Task to carry out => Below are the entries. Print only the lines starting at the one with "Then we say: FETCH" and ending at the one with "This adiabatic charging", exactly, with no pictures.

Input data =>
>>>
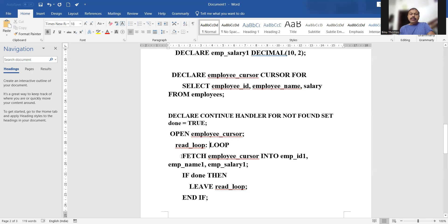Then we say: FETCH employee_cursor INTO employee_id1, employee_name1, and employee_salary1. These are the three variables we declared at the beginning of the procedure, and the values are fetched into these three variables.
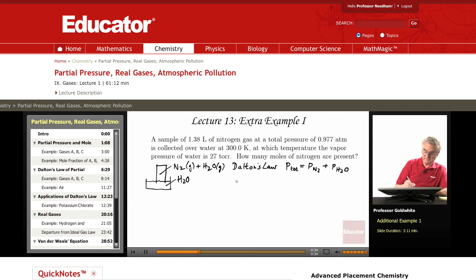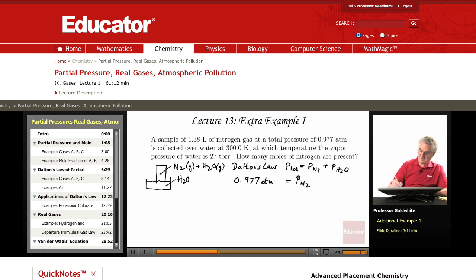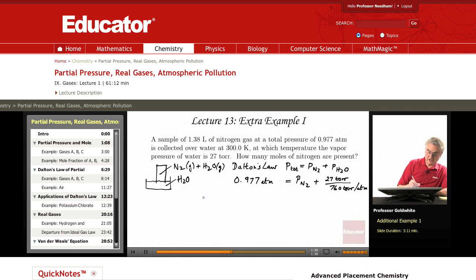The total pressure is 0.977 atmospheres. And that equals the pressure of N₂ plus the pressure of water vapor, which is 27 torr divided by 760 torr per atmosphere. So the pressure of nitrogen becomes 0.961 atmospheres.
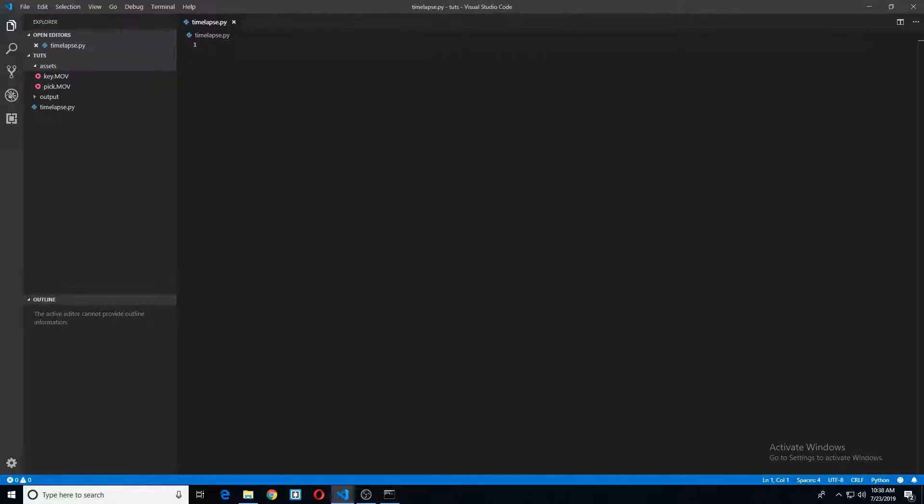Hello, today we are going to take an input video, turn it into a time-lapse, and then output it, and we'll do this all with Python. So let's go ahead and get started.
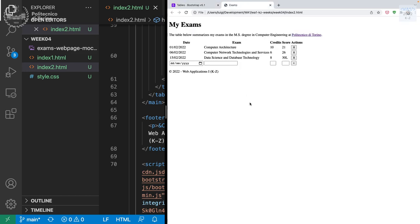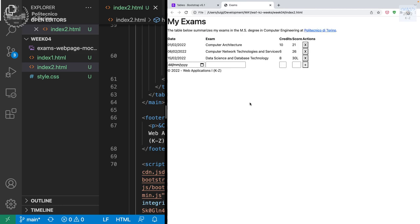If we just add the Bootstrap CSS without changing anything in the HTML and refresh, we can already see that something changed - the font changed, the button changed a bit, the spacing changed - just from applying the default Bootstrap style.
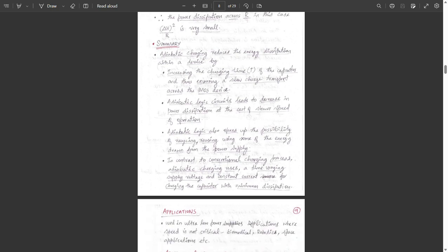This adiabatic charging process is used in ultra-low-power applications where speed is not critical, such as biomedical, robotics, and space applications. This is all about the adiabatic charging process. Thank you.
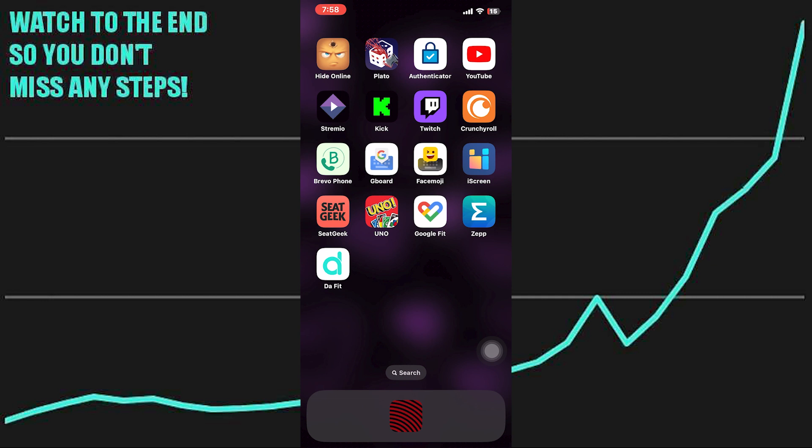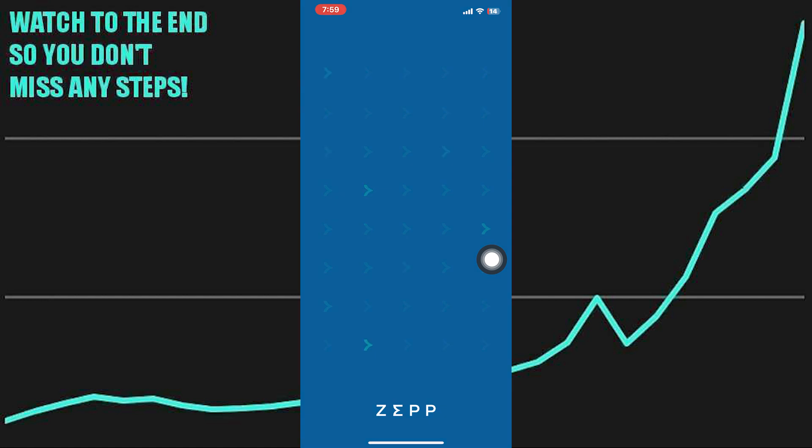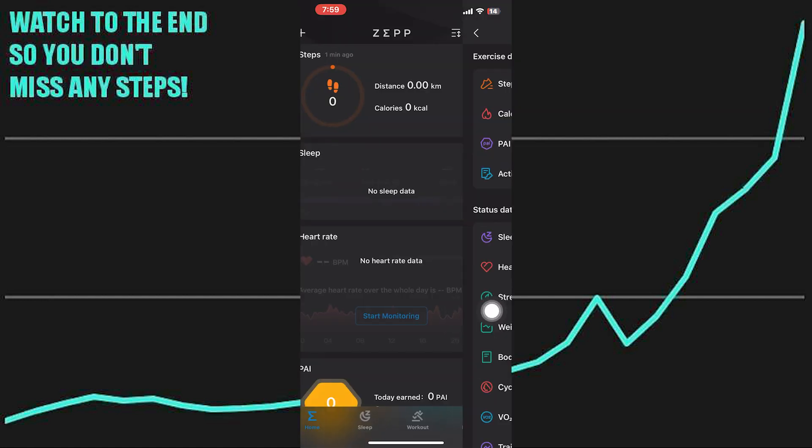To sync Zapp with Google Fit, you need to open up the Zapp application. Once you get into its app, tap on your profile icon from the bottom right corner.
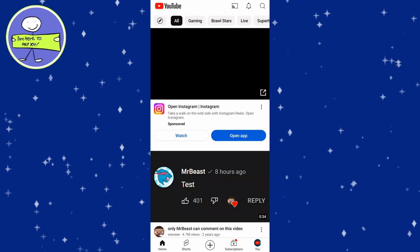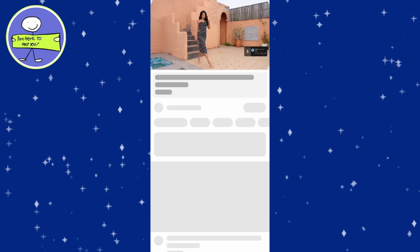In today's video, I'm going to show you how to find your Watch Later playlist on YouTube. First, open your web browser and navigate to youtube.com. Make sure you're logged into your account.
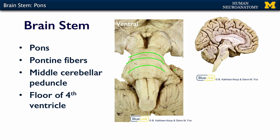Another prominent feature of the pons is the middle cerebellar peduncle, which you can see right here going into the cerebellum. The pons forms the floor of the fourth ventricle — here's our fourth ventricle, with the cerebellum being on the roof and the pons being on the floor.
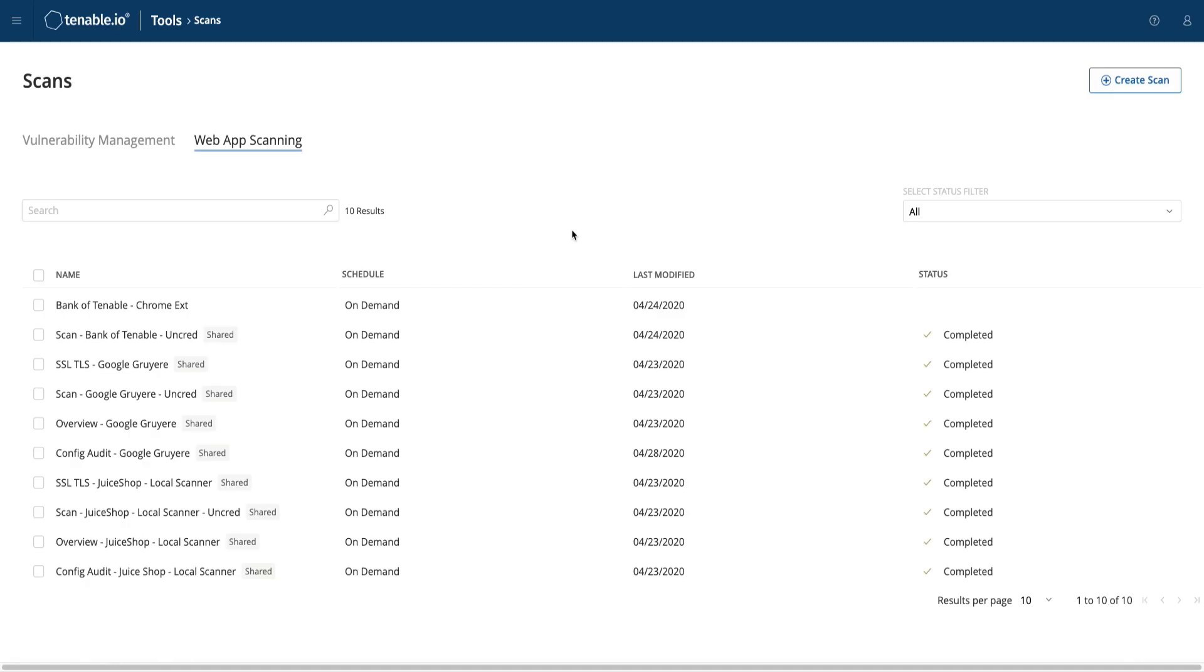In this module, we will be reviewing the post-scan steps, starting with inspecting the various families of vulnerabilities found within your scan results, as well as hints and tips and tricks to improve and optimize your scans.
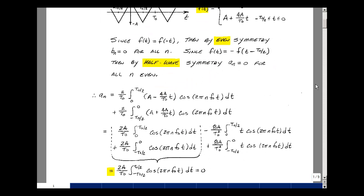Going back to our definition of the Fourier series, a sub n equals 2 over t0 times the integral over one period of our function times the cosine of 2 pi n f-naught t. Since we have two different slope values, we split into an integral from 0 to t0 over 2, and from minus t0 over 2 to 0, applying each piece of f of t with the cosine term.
<<<
>>>
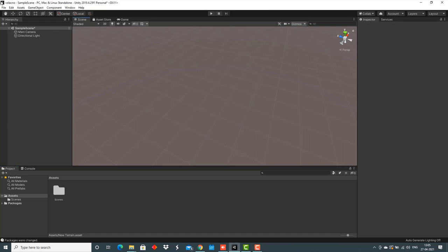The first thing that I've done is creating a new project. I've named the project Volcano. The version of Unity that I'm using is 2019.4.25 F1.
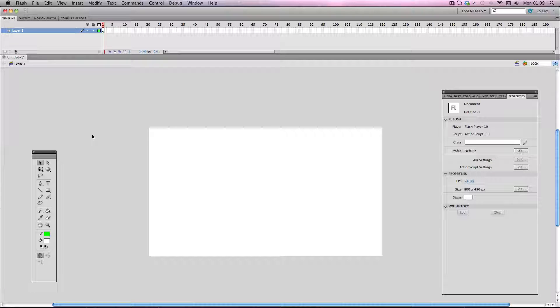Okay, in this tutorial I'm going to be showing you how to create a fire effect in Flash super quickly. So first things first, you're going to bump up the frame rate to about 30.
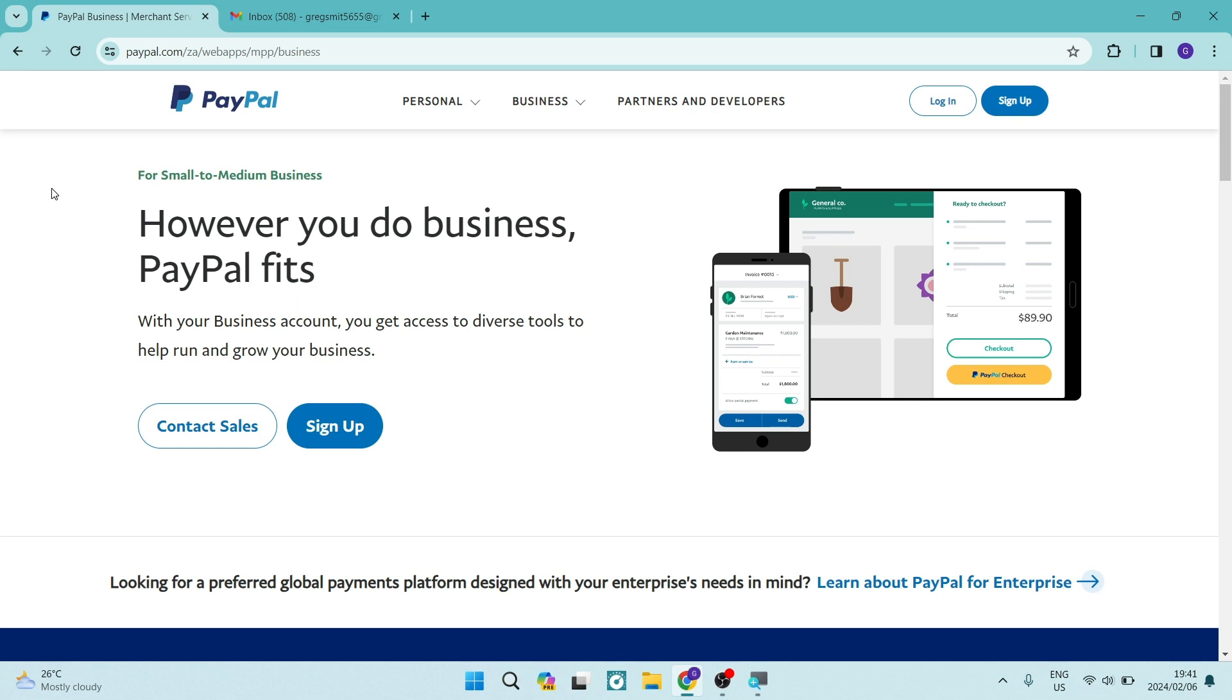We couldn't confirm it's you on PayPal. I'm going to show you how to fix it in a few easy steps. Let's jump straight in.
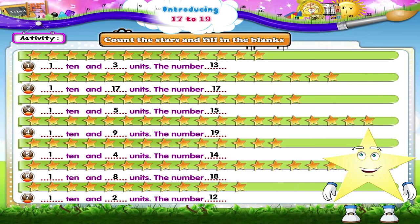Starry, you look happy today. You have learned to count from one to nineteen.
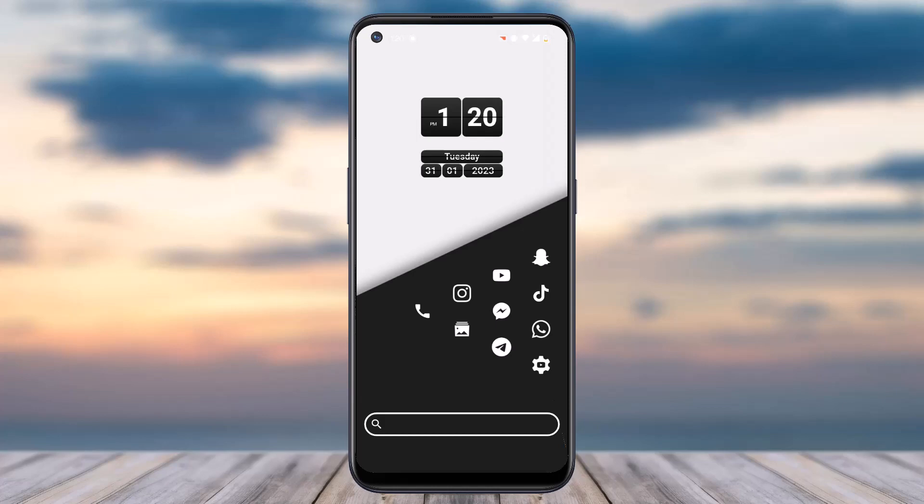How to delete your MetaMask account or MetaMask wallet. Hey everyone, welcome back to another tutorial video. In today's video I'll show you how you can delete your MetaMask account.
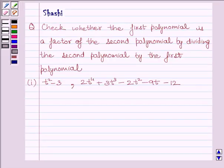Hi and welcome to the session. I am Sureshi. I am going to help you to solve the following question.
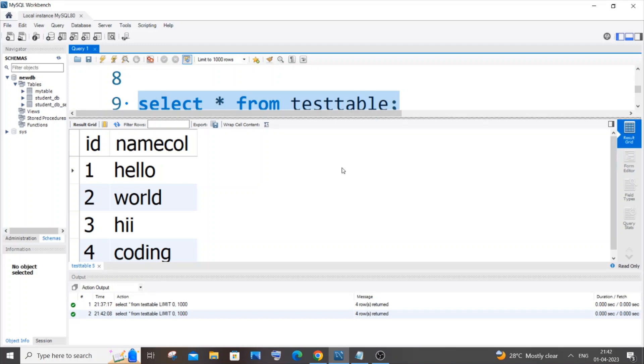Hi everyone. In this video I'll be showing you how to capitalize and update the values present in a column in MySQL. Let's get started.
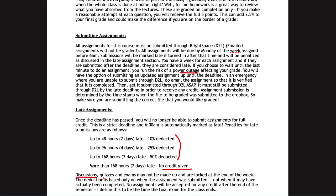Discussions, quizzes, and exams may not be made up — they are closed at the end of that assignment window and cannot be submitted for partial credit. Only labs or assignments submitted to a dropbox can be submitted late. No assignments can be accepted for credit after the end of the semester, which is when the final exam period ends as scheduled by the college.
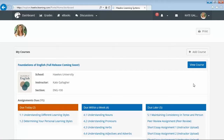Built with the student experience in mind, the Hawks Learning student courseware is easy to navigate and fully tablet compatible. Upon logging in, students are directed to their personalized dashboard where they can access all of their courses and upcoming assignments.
<<<
>>>
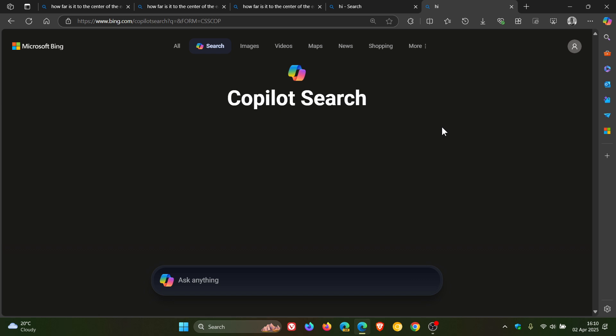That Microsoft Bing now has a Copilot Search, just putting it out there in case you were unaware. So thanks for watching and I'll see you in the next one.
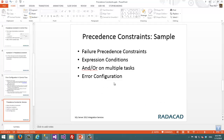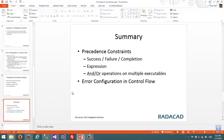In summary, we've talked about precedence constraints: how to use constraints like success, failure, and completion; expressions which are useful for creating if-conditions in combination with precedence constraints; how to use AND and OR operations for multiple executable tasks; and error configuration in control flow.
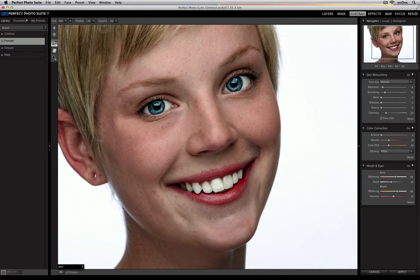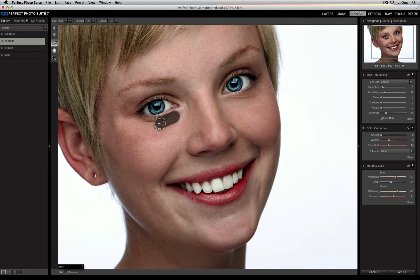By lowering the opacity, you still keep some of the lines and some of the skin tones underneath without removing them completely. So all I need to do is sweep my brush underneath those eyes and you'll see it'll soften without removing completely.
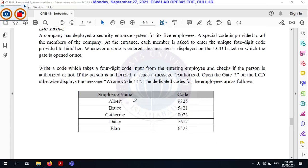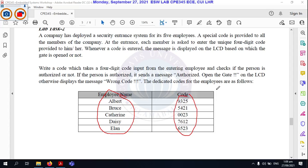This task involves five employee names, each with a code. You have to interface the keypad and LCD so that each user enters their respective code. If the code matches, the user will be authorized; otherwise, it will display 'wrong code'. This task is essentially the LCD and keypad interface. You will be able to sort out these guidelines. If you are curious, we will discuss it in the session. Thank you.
<<<
Answer to the problem =>
Then we say: FETCH employee_cursor INTO employee_id1, employee_name1, and employee_salary1. These are the three variables we declared at the beginning of the procedure, and the values are fetched into these three variables.
The total pressure is 0.977 atmospheres. And that equals the pressure of N₂ plus the pressure of water vapor, which is 27 torr divided by 760 torr per atmosphere. So the pressure of nitrogen becomes 0.961 atmospheres.
Hello, today we are going to take an input video, turn it into a time-lapse, and then output it, and we'll do this all with Python. So let's go ahead and get started.
If we just add the Bootstrap CSS without changing anything in the HTML and refresh, we can already see that something changed - the font changed, the button changed a bit, the spacing changed - just from applying the default Bootstrap style.
This adiabatic charging process is used in ultra-low-power applications where speed is not critical, such as biomedical, robotics, and space applications. This is all about the adiabatic charging process. Thank you.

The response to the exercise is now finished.